Your assignment: Please, could you print all the lines below exactly, leaving out the pictures?
[Dataset section — start]
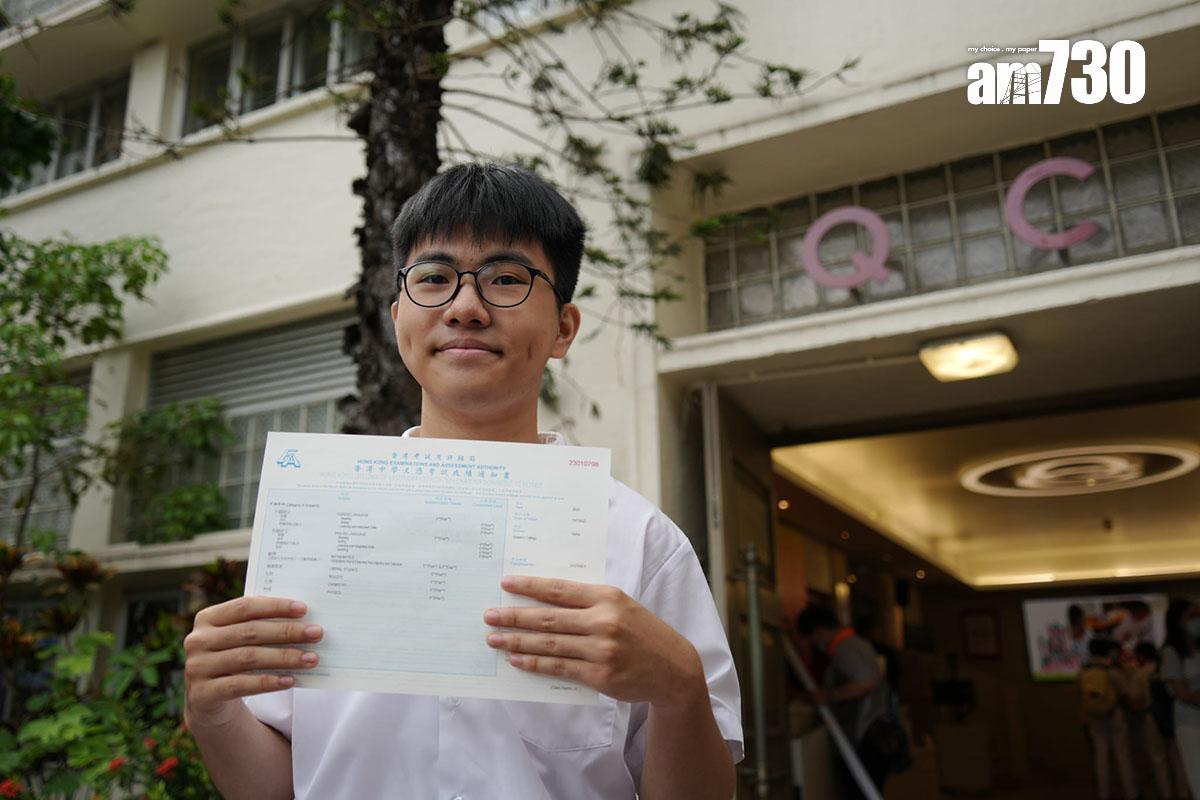 皇仁書院「超級狀元」羅澤嘉。(李睿哲攝)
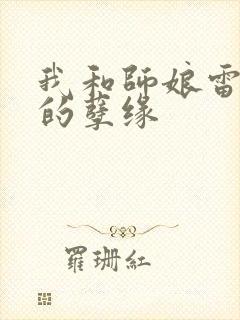 我和师娘雷雨中的孽缘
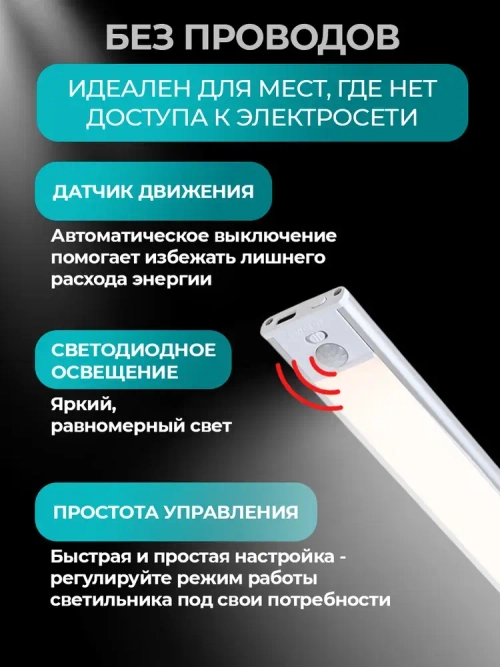 Светильник 20 см с датчиком движения беспроводной аккумуляторный, на магнитах, на кухню, в шкаф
[Dataset section — finish]
Task solution:
 皇仁書院「超級狀元」羅澤嘉。(李睿哲攝)
 我和师娘雷雨中的孽缘
 Светильник 20 см с датчиком движения беспроводной аккумуляторный, на магнитах, на кухню, в шкаф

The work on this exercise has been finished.